Rio LGBTQIA+
- Location: Rio de Janeiro, Brazil
- Founded: 2011
- Language: International
- Website: http://www.riolgbtqia.com.br

= Rio LGBTQIA+ Festival Internacional de Cinema =

LGBTQ film festival in Brazil

Rio LGBTQIA+ Festival Internacional de Cinema is a major annual film festival in Rio de Janeiro in Brazil, dedicated to the screening of a wide range of contemporary LGBTQIA+ films. It was established in 2011, and is screened in July each year.

The Festival states that it is focused on supporting artists and filmmakers, providing a means for creative directors to work together and collectively express themselves.

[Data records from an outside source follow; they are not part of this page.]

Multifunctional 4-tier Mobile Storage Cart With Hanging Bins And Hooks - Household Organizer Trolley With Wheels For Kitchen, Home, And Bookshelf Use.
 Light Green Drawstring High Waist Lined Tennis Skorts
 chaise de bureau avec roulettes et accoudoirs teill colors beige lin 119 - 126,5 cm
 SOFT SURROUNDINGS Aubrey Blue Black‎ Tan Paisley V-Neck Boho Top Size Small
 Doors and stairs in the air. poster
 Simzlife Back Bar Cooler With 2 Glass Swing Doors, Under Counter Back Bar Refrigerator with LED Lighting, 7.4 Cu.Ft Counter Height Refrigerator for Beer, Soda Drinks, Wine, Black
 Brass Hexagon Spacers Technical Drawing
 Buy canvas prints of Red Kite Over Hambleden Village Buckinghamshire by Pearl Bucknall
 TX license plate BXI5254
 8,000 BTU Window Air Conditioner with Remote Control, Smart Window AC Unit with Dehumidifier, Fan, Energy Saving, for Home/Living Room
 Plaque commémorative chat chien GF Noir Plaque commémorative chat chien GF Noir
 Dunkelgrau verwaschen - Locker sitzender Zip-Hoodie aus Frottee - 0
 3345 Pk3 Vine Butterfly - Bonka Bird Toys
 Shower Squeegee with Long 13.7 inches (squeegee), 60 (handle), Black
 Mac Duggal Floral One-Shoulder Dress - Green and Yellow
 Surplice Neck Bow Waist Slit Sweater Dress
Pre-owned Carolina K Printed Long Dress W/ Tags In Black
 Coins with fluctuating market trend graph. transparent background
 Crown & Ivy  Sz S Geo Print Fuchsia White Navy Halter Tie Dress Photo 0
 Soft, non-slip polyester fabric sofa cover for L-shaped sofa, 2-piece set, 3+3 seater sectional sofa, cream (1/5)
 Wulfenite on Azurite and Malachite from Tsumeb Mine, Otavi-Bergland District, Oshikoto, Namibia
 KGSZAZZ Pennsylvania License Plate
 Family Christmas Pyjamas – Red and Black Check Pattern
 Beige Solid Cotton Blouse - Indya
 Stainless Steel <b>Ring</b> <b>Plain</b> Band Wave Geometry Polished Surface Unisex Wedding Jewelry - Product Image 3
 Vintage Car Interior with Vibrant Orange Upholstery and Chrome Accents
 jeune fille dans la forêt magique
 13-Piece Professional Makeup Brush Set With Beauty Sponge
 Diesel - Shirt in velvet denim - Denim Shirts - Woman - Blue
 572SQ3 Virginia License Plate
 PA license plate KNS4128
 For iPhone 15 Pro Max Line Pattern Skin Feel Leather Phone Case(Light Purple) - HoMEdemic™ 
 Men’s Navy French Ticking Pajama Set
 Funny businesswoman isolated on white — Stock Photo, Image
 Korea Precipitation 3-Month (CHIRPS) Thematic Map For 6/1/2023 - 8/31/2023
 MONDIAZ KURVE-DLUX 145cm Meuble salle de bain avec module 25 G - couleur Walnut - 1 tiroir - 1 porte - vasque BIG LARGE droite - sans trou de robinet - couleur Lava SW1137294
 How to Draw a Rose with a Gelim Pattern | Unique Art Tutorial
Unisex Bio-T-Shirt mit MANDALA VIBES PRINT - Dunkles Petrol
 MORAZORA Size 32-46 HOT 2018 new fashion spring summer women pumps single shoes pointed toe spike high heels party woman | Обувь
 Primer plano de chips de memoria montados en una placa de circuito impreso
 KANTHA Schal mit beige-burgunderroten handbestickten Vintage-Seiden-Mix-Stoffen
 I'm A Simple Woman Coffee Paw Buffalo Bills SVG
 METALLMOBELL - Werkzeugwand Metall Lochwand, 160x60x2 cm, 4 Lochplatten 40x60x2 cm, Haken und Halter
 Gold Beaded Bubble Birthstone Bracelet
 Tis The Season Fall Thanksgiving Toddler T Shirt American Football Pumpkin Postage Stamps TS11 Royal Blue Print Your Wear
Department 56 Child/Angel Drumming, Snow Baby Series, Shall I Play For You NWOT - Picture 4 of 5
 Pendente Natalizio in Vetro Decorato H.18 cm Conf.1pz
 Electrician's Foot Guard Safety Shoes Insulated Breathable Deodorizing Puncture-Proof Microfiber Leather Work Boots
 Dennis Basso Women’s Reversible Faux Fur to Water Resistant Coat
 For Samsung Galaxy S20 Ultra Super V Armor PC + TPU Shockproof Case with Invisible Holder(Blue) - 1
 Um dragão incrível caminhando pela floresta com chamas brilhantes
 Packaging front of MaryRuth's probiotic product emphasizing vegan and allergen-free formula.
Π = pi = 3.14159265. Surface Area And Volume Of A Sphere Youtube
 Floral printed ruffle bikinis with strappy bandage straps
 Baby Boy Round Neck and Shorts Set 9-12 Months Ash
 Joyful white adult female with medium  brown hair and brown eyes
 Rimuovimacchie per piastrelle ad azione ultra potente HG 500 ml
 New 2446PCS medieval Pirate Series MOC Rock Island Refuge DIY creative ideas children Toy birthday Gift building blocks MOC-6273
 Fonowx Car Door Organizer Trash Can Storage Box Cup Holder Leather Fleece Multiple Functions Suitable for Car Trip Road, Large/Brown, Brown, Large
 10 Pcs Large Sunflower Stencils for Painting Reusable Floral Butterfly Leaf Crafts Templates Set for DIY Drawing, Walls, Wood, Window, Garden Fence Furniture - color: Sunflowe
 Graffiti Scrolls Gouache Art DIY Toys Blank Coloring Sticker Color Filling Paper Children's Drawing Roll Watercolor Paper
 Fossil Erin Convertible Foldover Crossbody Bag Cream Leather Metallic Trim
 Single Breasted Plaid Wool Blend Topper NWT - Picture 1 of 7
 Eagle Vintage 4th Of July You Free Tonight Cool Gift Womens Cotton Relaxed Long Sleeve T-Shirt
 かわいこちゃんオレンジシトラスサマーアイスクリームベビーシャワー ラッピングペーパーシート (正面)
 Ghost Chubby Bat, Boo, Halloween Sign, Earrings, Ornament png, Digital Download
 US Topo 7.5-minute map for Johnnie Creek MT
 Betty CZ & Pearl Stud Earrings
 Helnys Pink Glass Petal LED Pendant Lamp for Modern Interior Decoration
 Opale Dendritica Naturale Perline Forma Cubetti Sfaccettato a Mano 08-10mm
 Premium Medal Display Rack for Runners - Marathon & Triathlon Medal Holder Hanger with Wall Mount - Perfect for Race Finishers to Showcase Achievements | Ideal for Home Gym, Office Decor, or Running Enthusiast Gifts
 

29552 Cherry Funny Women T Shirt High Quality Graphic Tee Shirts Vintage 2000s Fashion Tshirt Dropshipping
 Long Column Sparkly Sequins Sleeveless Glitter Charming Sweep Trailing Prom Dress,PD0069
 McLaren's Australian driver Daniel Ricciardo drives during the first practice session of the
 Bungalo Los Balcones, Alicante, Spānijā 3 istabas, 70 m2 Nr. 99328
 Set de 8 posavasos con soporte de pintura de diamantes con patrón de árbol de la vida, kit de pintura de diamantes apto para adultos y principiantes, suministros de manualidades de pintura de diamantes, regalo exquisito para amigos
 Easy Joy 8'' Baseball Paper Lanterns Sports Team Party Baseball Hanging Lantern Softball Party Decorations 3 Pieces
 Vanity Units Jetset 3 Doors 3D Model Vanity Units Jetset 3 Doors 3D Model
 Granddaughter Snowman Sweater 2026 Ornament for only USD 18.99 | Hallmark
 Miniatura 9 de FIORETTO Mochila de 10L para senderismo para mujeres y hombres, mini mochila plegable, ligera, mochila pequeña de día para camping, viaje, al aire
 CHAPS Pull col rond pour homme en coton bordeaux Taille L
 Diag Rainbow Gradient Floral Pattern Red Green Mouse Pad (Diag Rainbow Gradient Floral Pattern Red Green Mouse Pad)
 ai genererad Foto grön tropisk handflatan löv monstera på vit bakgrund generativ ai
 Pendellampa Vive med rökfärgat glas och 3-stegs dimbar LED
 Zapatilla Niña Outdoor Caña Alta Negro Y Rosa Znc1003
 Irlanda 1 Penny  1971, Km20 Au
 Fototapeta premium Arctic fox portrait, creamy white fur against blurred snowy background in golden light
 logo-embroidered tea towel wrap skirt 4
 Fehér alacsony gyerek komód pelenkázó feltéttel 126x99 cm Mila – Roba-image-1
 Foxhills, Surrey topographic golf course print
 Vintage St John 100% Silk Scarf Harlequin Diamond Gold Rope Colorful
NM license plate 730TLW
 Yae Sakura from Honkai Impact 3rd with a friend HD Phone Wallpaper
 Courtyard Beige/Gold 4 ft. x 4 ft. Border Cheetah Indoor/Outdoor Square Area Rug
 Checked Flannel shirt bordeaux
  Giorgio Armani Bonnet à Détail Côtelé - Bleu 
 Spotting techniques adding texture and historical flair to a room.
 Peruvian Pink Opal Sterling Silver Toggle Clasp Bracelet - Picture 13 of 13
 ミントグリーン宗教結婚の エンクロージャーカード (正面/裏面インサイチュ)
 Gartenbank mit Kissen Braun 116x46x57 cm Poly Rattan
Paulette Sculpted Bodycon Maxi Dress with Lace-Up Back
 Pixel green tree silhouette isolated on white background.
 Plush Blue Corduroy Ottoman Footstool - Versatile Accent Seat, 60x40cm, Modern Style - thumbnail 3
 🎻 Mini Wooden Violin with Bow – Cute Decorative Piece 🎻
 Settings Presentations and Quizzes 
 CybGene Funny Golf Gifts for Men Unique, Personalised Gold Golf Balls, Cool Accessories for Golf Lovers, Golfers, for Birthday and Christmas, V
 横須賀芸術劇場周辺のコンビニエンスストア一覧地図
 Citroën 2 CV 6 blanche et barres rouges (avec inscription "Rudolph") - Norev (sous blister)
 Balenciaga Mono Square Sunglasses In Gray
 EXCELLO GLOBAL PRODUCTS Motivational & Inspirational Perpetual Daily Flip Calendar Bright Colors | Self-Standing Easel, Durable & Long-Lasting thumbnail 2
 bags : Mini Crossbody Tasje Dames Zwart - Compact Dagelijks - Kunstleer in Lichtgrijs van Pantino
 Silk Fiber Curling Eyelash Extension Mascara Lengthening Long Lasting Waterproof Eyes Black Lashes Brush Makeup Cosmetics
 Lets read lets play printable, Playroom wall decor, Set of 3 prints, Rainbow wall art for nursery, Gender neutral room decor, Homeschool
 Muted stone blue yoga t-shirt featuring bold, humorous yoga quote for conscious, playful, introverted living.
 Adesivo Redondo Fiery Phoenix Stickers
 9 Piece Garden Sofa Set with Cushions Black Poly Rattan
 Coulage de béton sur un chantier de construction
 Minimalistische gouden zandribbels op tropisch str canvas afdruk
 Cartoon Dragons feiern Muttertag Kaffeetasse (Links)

The 2015 Festival lasted for ten days, and included debates, director presentations, panel discussions, Q and A sessions with production staff and screenings in a variety of locations throughout the city. It featured 124 films, 27 full-length features and 93 short films. The International Panorama section featured 18 new films, whilst the National Panorama section, focussed on Brazil, consisted of 9 new films, which were mostly documentaries. The Director And Curator of the Festival, Alexander Mello, explained that "The prevalence of documentaries has to do with the need to tell the stories of what is happening in Brazil in terms of issues surrounding sexuality... It is cinema used as a tool to combat prejudice, as a way of speaking to influential people in the community".

The award ceremony included ways for the public to participate by voting for their favourite films. The talks featured guests including directors and respected figures in the film industry.